Mas é fato que, tido como mais correto linguisticamente, o abecedário dito oficial e culto vem substituindo esse modo peculiar de nomear as letras, que está desaparecendo sem que conheçamos, de fato, sua legitimidade. Tomado como variedade cultural e linguística do Nordeste, tanto atrai preconceito – por parte de não nordestinos, mas também por eles mesmos – quanto certa admiração quase condescendente. Mas nosso “abecedário nordestino” é mais do que uma variedade linguística não culta. Ele é legítimo, precede o outro e é tão bom – ou melhor – para alfabetizar. Tanto a história do alfabeto quanto da alfabetização o validam, além do próprio Novo Acordo Ortográfico indicar a possibilidade de outros nomes para as letras.

Nomear as letras considerando o som que elas representam foi o princípio que gerou o próprio alfabeto, com os fenícios. Ao emprestá-lo, os gregos seguiram esse princípio acrofônico, em que os nomes das letras davam pistas dos sons que elas representam: alfa, beta, gama, delta... Quando se apropriaram do alfabeto grego, os romanos perceberam que as letras não precisavam de nomes próprios, bastava nomeá-las com referência a esses sons: a, bê, dê, e, fê... Pois foi desse modo que as letras foram nomeadas inicialmente, seguindo um princípio acrofônico mais direto, com os sons que elas representam no início desses nomes.

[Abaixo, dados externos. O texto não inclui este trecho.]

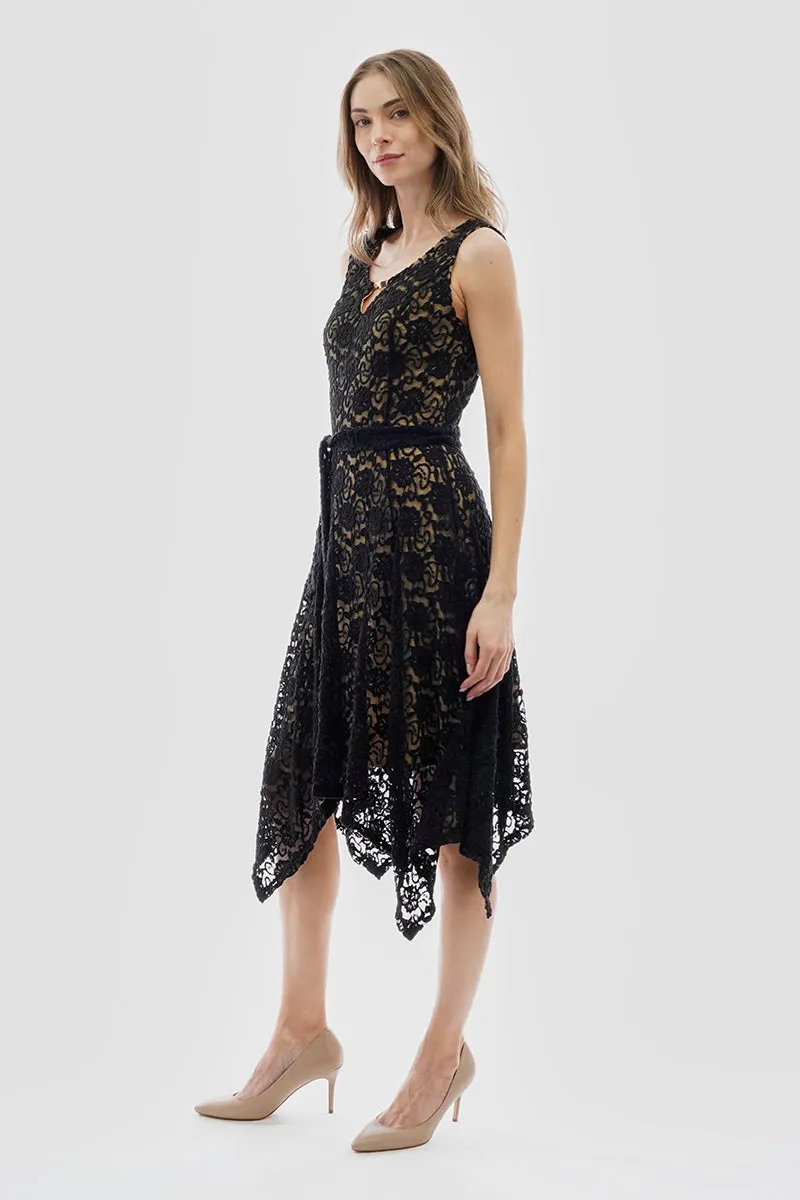 Costa Blanca Belted Lace Gold Bar Detail Cocktail Dress - Black sold by Fairweather product image thumbnail 2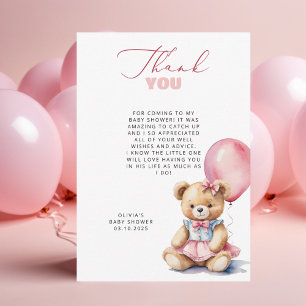 Remerciements Carte de remerciement pour Baby Shower Ours Ballon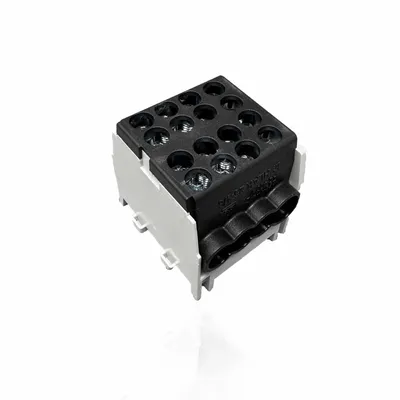A product shot of an electrical connector block on a white background.
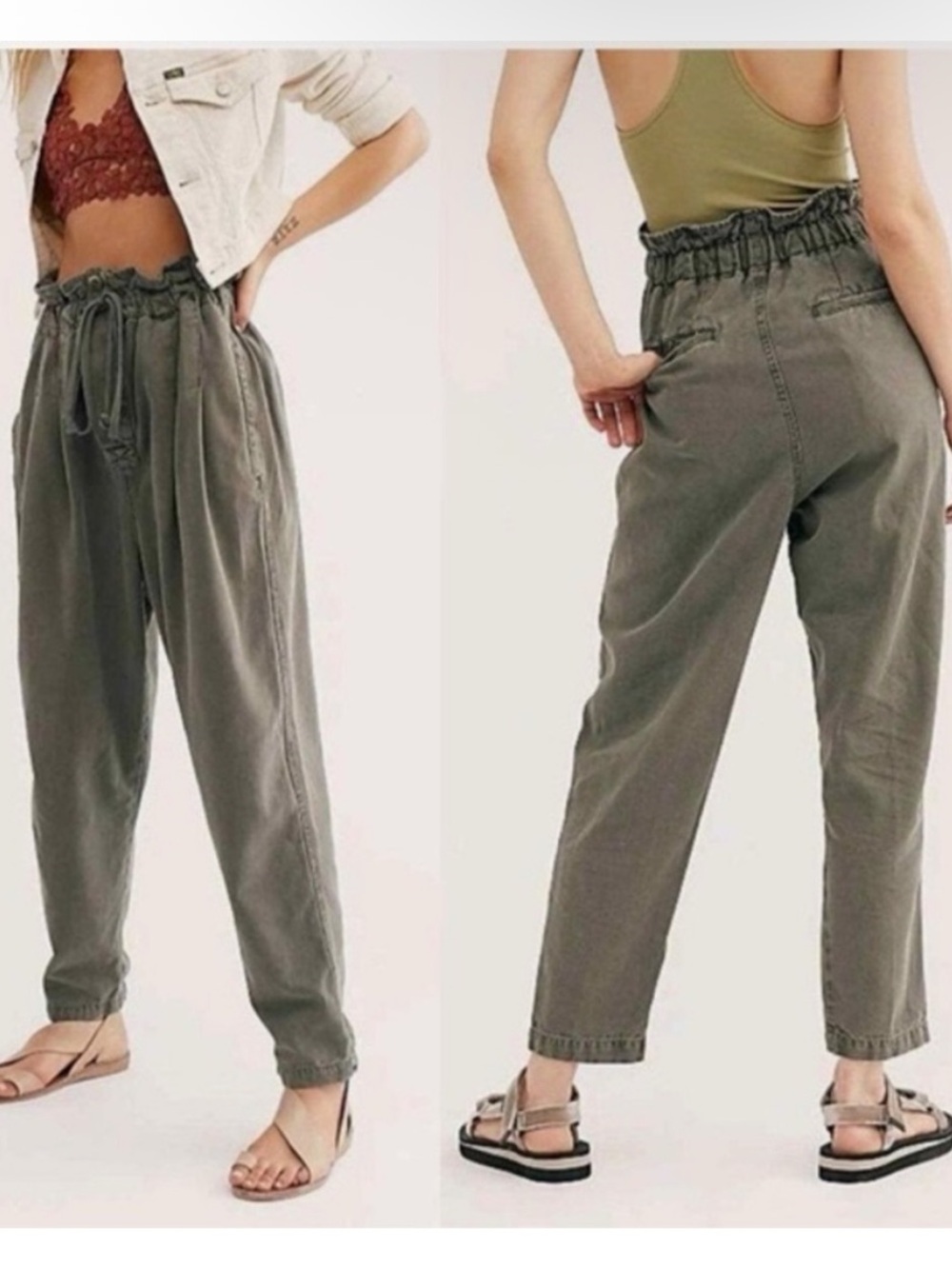 Free People Margate Pleated Trouser Paper bag Waist Pants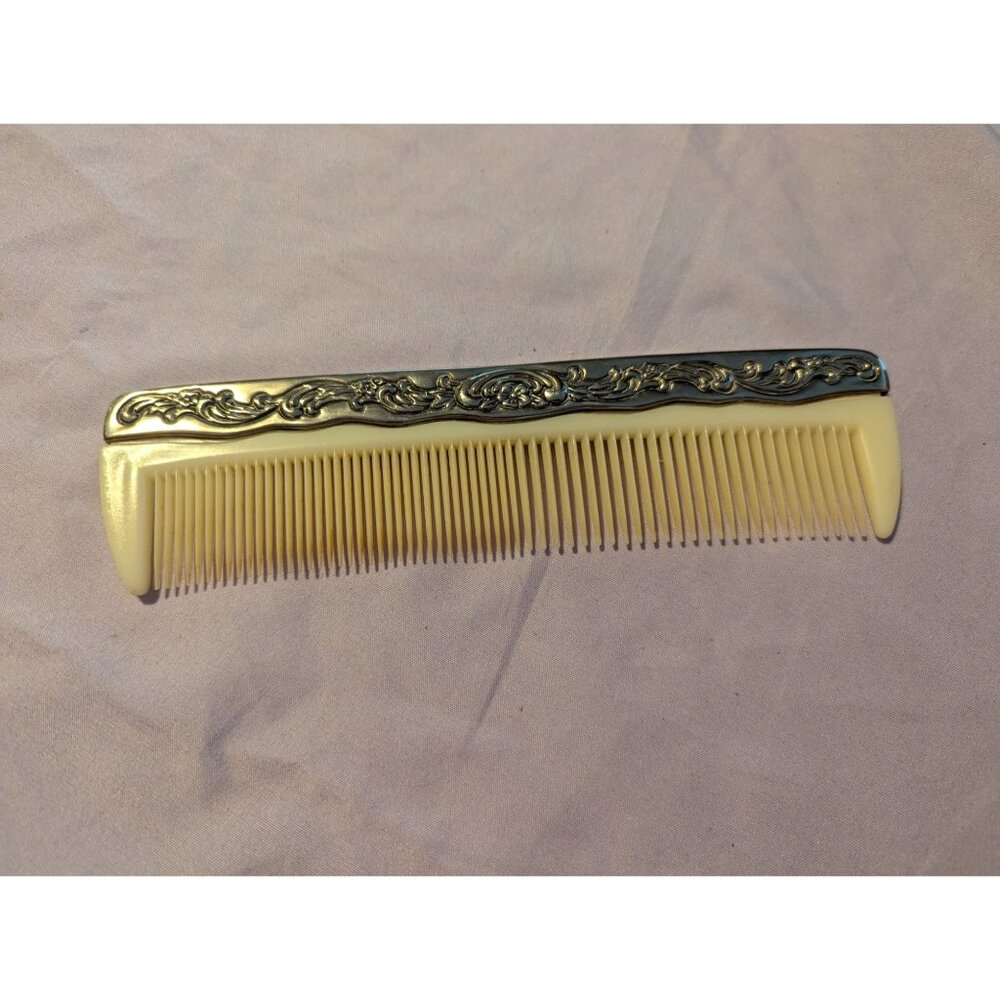Silver Plated Ornate Comb For Hair Styling & Grooming Vintage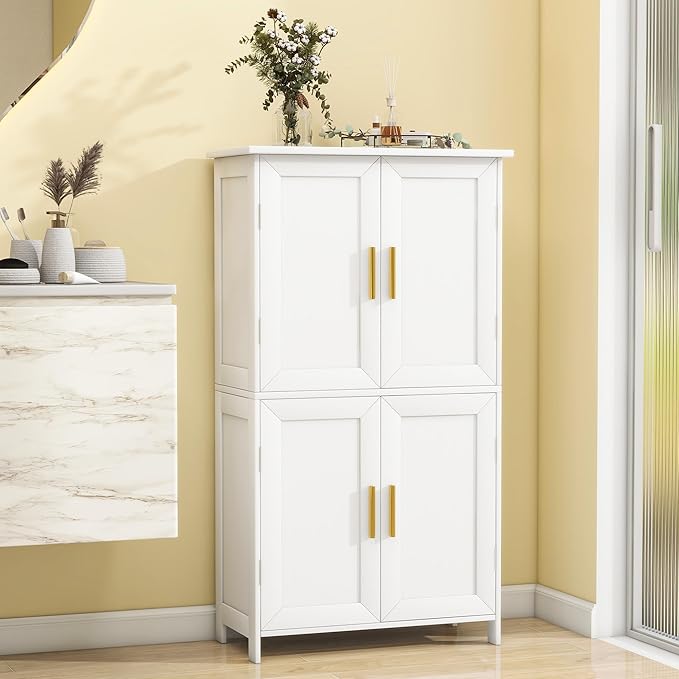 Bathroom Storage Floor Cabinet Freestanding Organizer with Adjustable Shelves for Bathroom Laundry Room,4 Doors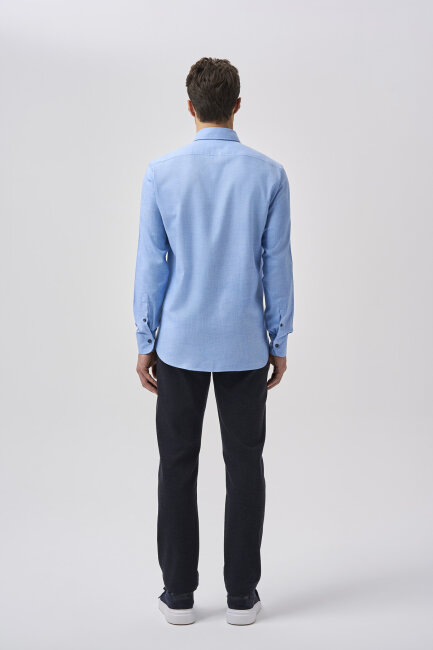 Bisse Uzun Kollu İtalyan Yaka Cepsiz Mavi Gömlek - 3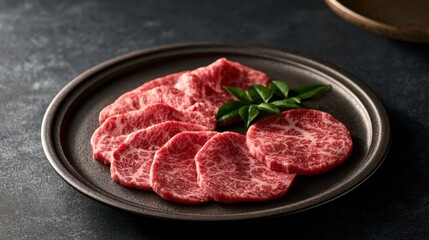 Fototapeta premium Close-up view of thinly sliced raw marbled red meat arranged on a dark ceramic round plate with green garnish on textured black surface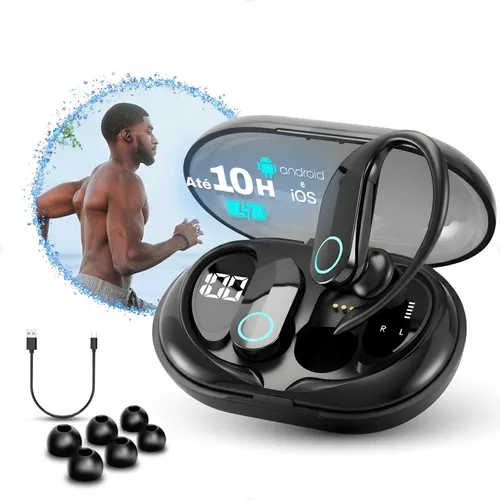 Fone Bluetooth 5.3 Tws Sem Fio Esportivo Compatível Com iPhone Samsung Xiaomi Motorola Com Gancho premium ALTOMEX Scorpion xt80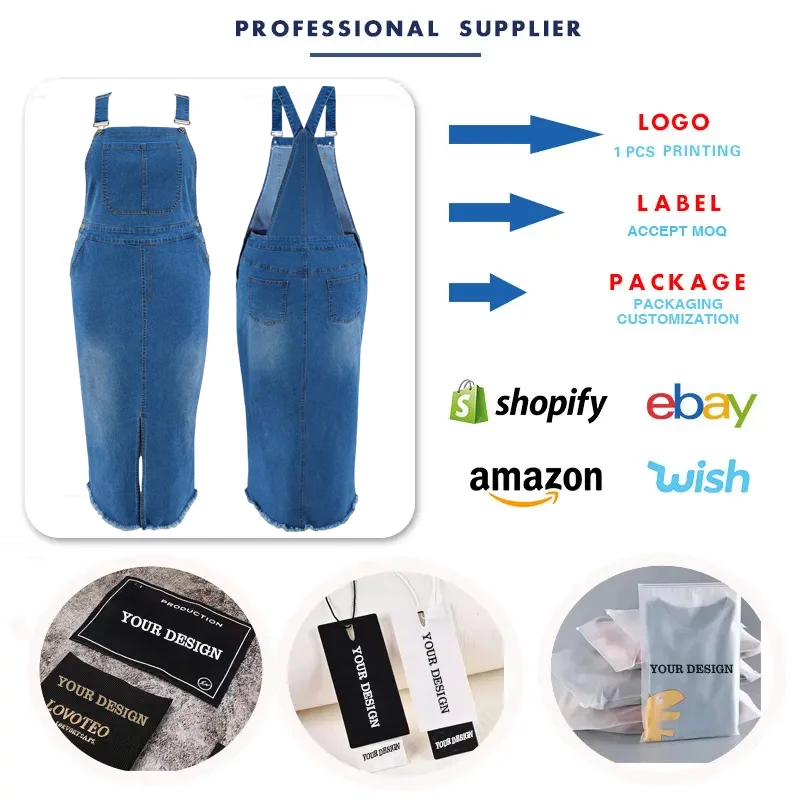 Robe en jean grande taille à bretelles – Style slim maxi décontracté pour femme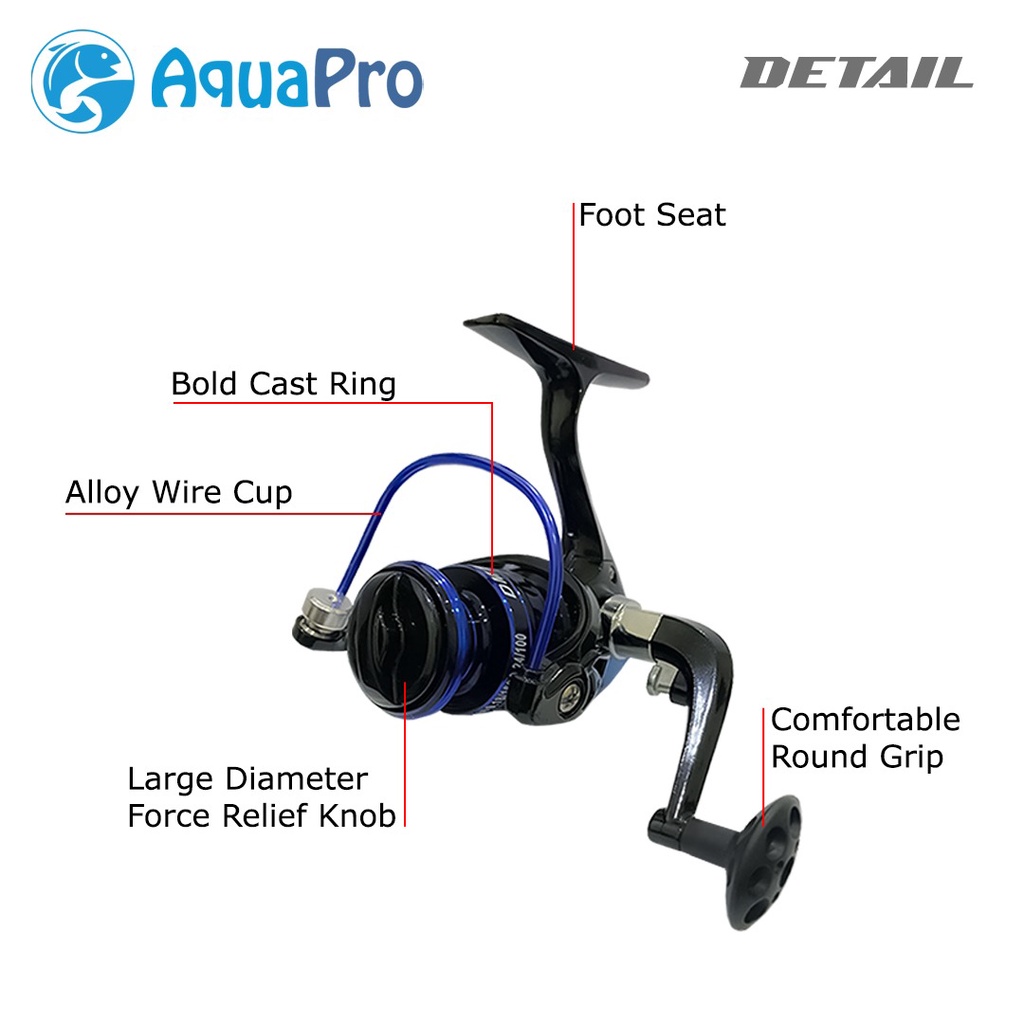 Aquapro DM1000 Reel Pancing Putar Rell Rill Pancing Katrol Kerekan Pancing Fishing Reel Spool Metal Aluminium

Foi o gramático Varrão (116 e 27 a. C.) que instituiu, de um modo um tanto arbitrário, outra regra, dando origem aos nomes tais quais conhecemos hoje.

Na história da alfabetização no Brasil, por sua vez, circularam manuais e gramáticas portuguesas que indicavam nomear e ensinar as letras mais próximas de seus sons, facilitando a soletração: em vez de eme-a-ma, ele-a-la, para “mala”, mê-a-ma, lê-a-la. E isso veio da França! Ou seja, não foi nenhuma invenção de nordestinos iletrados, como dizem por aí. Além disso, estudos contemporâneos sobre o papel do nome das letras no ensino inicial da escrita alfabética mostram que esses nomes mais próximos de seus sons facilitam a alfabetização inicial, justamente porque dão pistas mais diretas dos fones que representam. Como diz o poeta popular Noédson Valois, “se você prefere, erre! Com o rê não errarei!”.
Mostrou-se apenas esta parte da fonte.